▶ **What to produce**
Word for word, copy the lines from the one with "demižon skleněný opletený, objem" to the last line of the data below, counting both, and keep every picture out.

======== The records

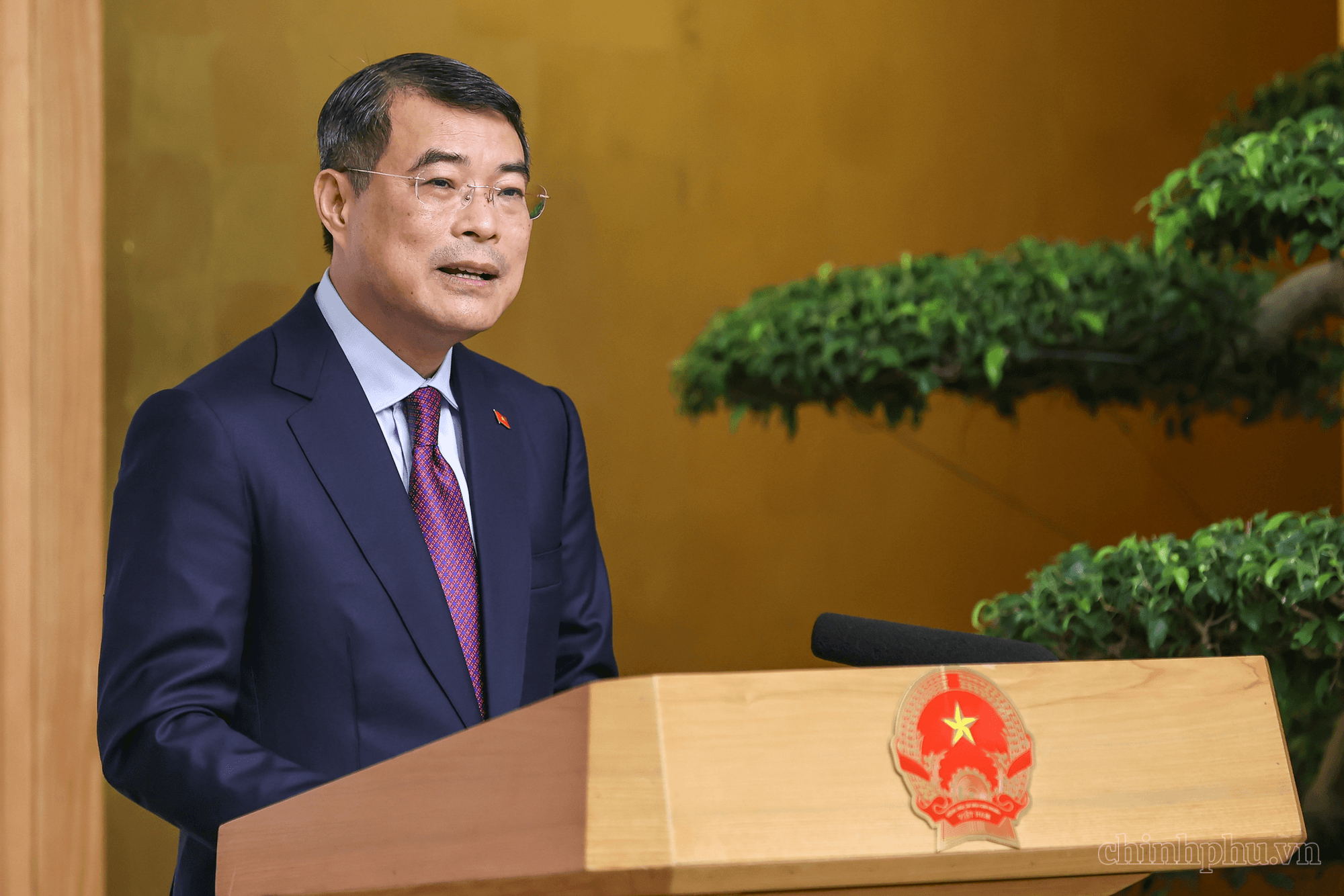 a-hung-c79231e9653167573d6930f226201ff1.png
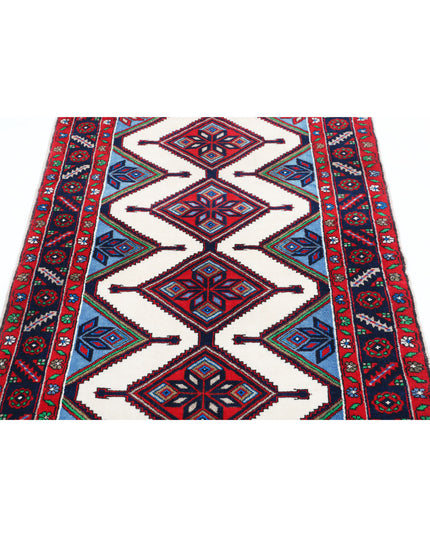 Hamadan 3' 5" X 4' 9" Hand Knotted Wool Rug 3' 5" X 4' 9" (104 X 145) / Ivory / Wool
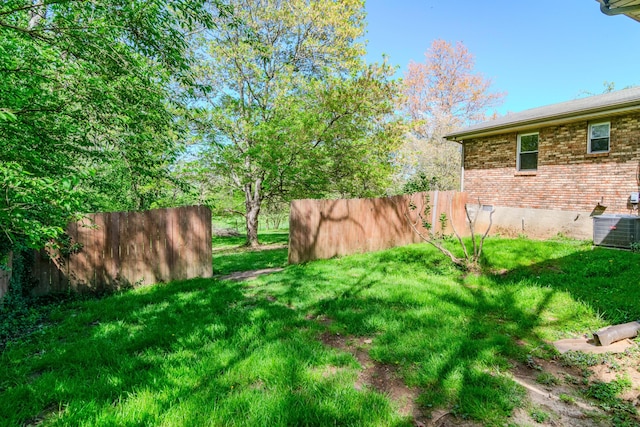 1102 Iroquois Dr, Mt Sterling, KY 40353 - view of yard with central AC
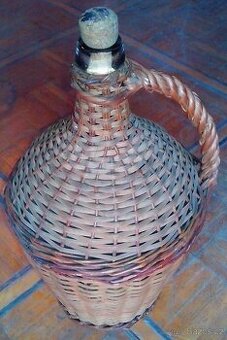 demižon skleněný opletený, objem cca 5L, proutěná rukojeť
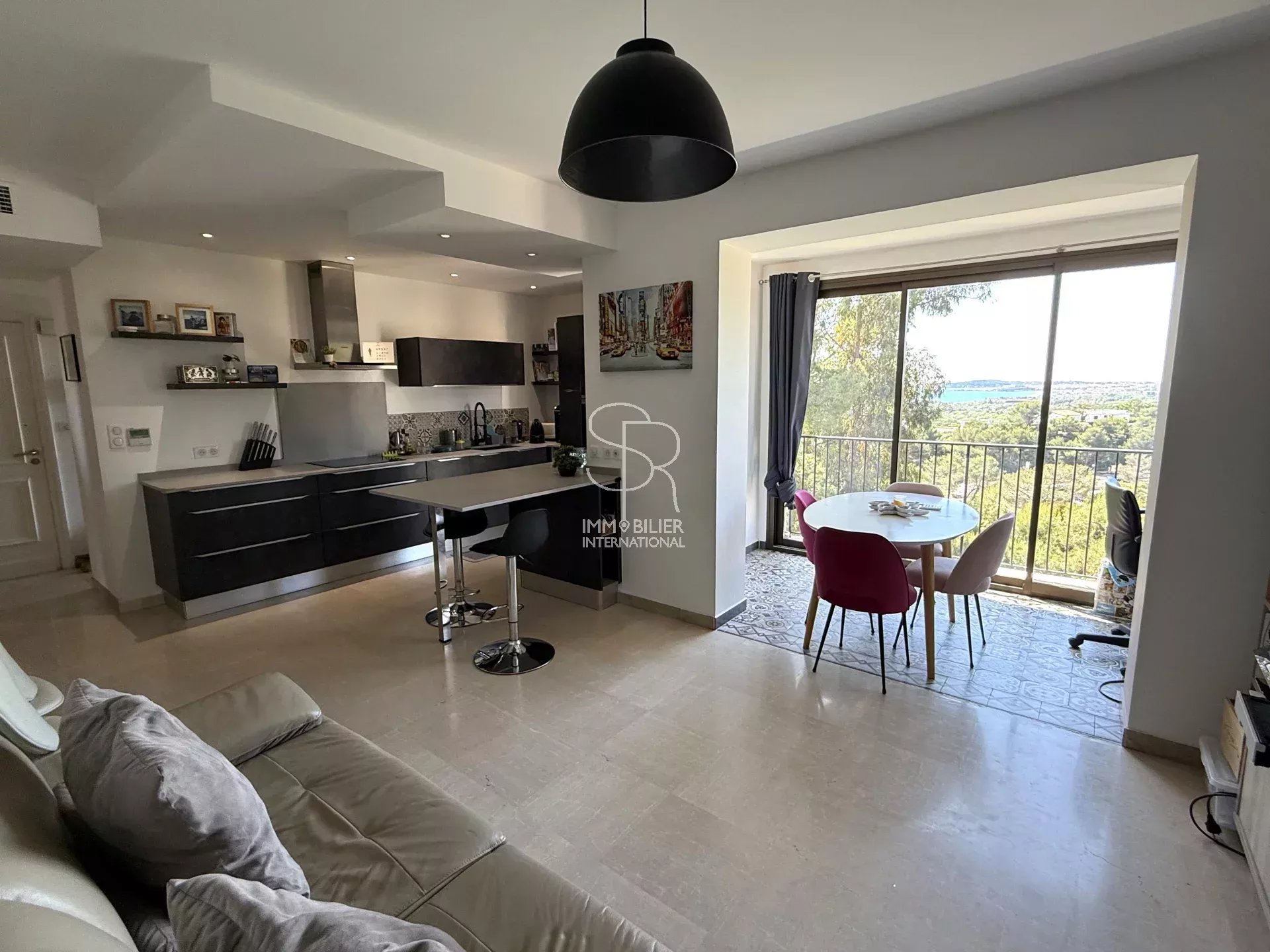 Agence immobilière de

================

▶ **Result of the task**
 demižon skleněný opletený, objem cca 5L, proutěná rukojeť
 Agence immobilière de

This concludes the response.